From: Arnd Bergmann <arnd@arndb.de>
To: xiaohui.xin@intel.com
Subject: Re: [RFC][PATCH v3 1/3] A device for zero-copy based on KVM virtio-net.
Date: Wed, 14 Apr 2010 16:55:21 +0200
User-Agent: KMail/1.12.2 (Linux/2.6.31-19-generic; KDE/4.3.2; x86_64; ; )
Cc: netdev@vger.kernel.org, kvm@vger.kernel.org, linux-kernel@vger.kernel.org,
       mst@redhat.com, mingo@elte.hu, davem@davemloft.net,
       jdike@linux.intel.com
References: <1270805865-16901-1-git-send-email-xiaohui.xin@intel.com> <1270805865-16901-2-git-send-email-xiaohui.xin@intel.com>
In-Reply-To: <1270805865-16901-2-git-send-email-xiaohui.xin@intel.com>
MIME-Version: 1.0
Content-Type: Text/Plain;
  charset="iso-8859-15"
Content-Transfer-Encoding: 7bit
Message-Id: <201004141655.21885.arnd@arndb.de>
Sender: linux-kernel-owner@vger.kernel.org
Content-Length: 7026
Lines: 228

On Friday 09 April 2010, xiaohui.xin@intel.com wrote:
> From: Xin Xiaohui <xiaohui.xin@intel.com>
> 
> Add a device to utilize the vhost-net backend driver for
> copy-less data transfer between guest FE and host NIC.
> It pins the guest user space to the host memory and
> provides proto_ops as sendmsg/recvmsg to vhost-net.

Sorry for taking so long before finding the time to look
at your code in more detail.

It seems that you are duplicating a lot of functionality that
is already in macvtap. I've asked about this before but then
didn't look at your newer versions. Can you explain the value
of introducing another interface to user land?

I'm still planning to add zero-copy support to macvtap,
hopefully reusing parts of your code, but do you think there
is value in having both?

> diff --git a/drivers/vhost/mpassthru.c b/drivers/vhost/mpassthru.c
> new file mode 100644
> index 0000000..86d2525
> --- /dev/null
> +++ b/drivers/vhost/mpassthru.c
> @@ -0,0 +1,1264 @@
> +
> +#ifdef MPASSTHRU_DEBUG
> +static int debug;
> +
> +#define DBG  if (mp->debug) printk
> +#define DBG1 if (debug == 2) printk
> +#else
> +#define DBG(a...)
> +#define DBG1(a...)
> +#endif

This should probably just use the existing dev_dbg/pr_debug infrastructure.

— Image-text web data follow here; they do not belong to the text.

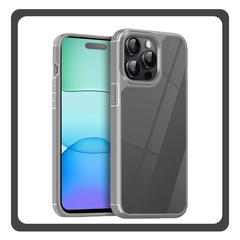 Θήκη Πλάτης - Back Cover, Silicone Σιλικόνη Gray Γκρι Color Shock Case iPhone 15 Pro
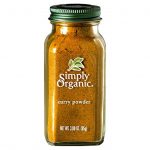 Simply Organic Seasoning Curry Powder 3 Oz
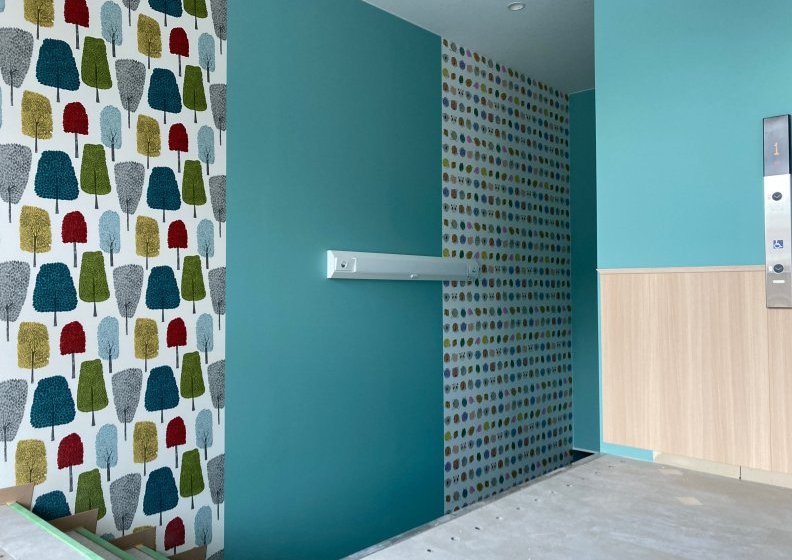 施工経過 |（仮称）切串交流プラザ及び認定こども園きりくし新築工事④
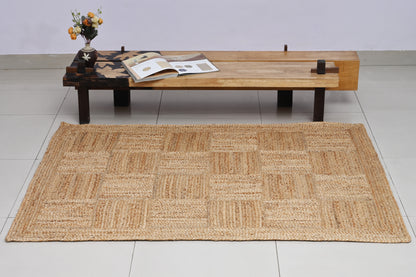 Braided Jute Rug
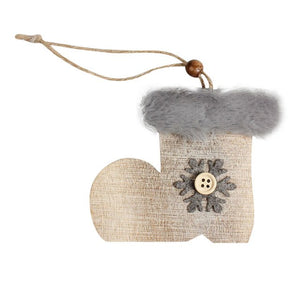 Christmas Tree Hanging Ornament Decor Snowflake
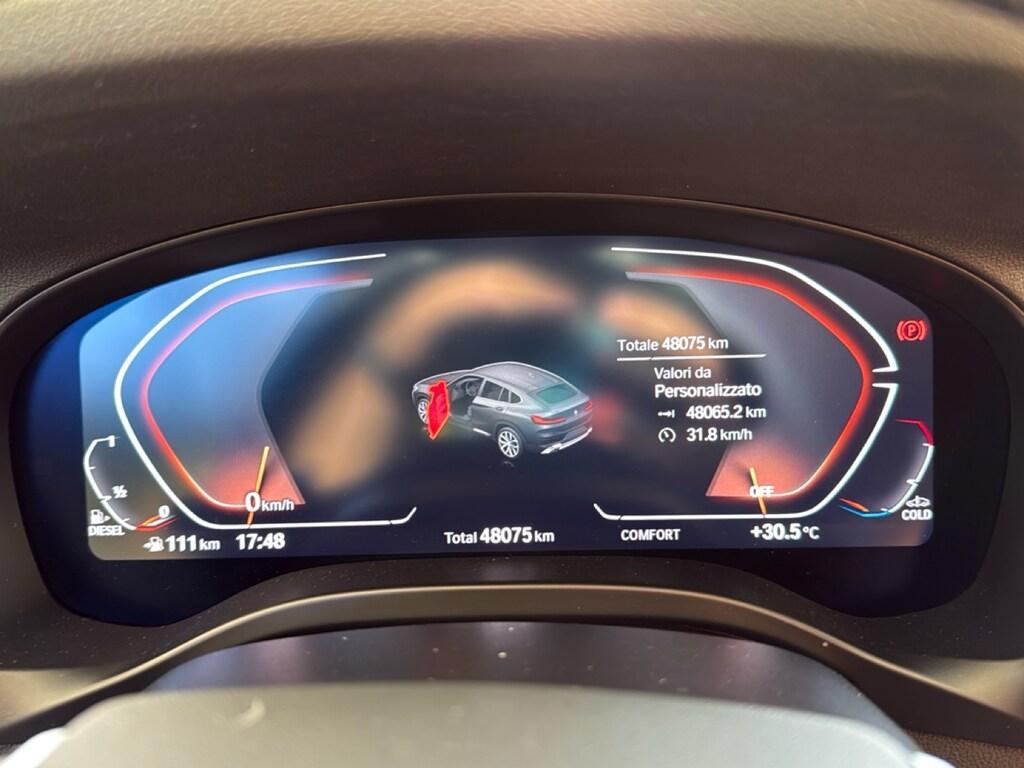 BMW X4 20 d Mild Hybrid 48V xDrive Steptronic
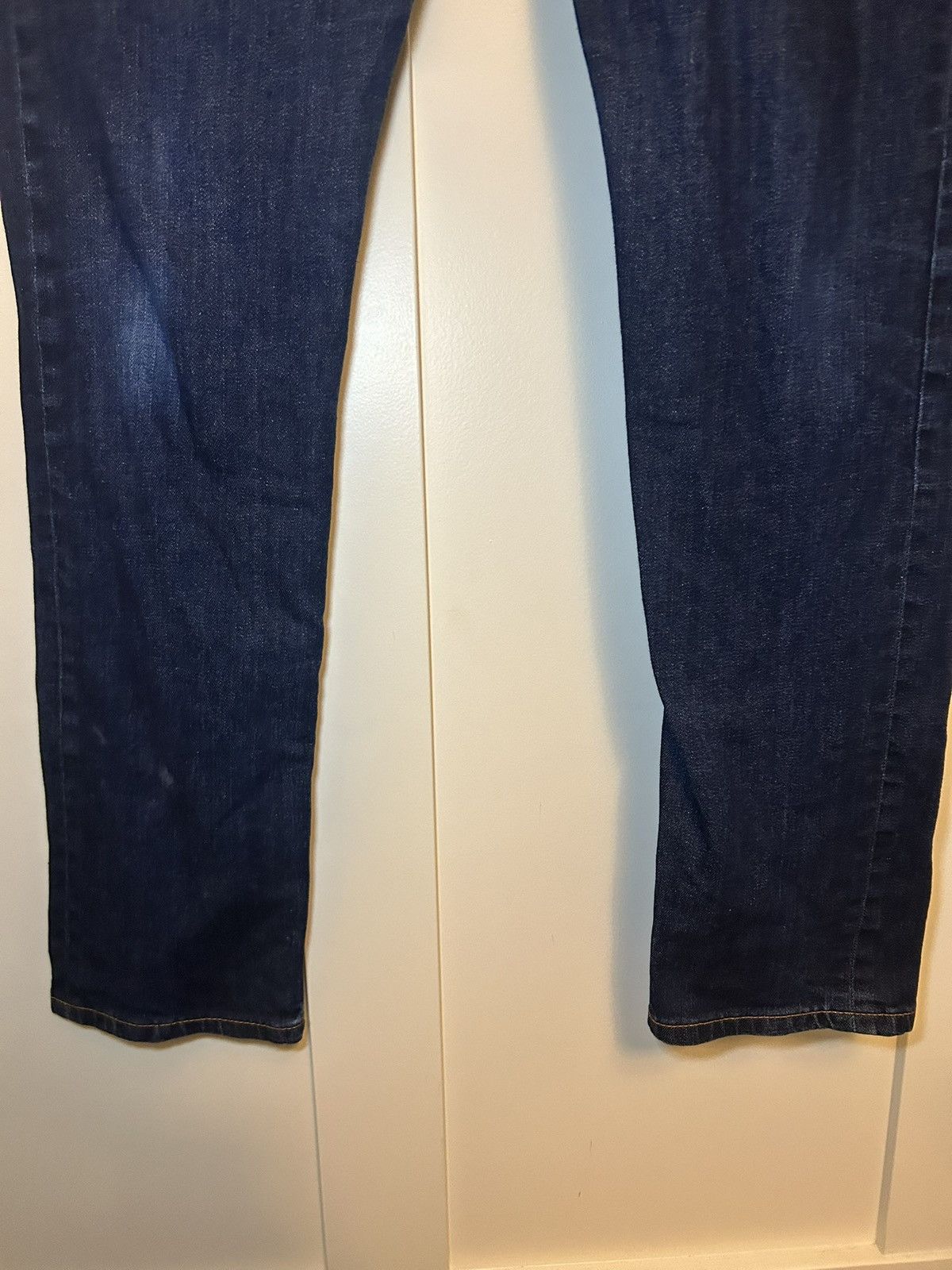 Naked & Famous Naked & Famous 11oz Indigo Selvedge Denim slim jeans Size US 31 - 9 Thumbnail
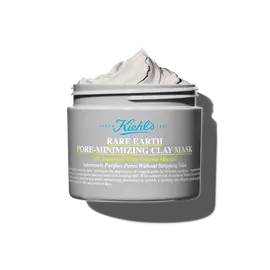 Photo du pot ouvert du Masque Nettoyant Rare Earth Kiehl's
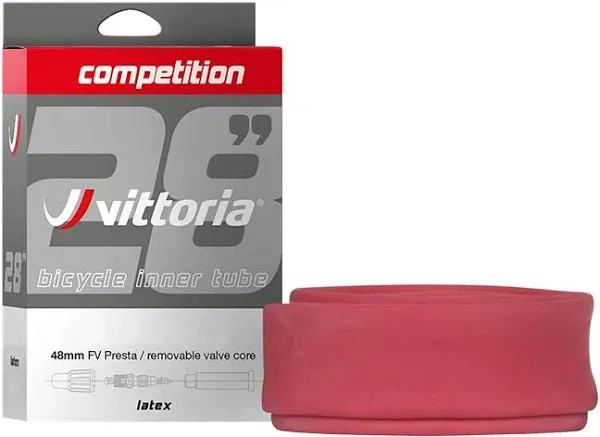 Vittoria Competition Latex Presta Valve Tube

> [... skipping buffer management code for now]

> +static int mp_sendmsg(struct kiocb *iocb, struct socket *sock,
> +			struct msghdr *m, size_t total_len)
> +{
> [...]

This function looks like we should be able to easily include it into
macvtap and get zero-copy transmits without introducing the new
user-level interface.

> +static int mp_recvmsg(struct kiocb *iocb, struct socket *sock,
> +			struct msghdr *m, size_t total_len,
> +			int flags)
> +{
> +	struct mp_struct *mp = container_of(sock->sk, struct mp_sock, sk)->mp;
> +	struct page_ctor *ctor;
> +	struct vhost_virtqueue *vq = (struct vhost_virtqueue *)(iocb->private);

It smells like a layering violation to look at the iocb->private field
from a lower-level driver. I would have hoped that it's possible to implement
this without having this driver know about the higher-level vhost driver
internals. Can you explain why this is needed?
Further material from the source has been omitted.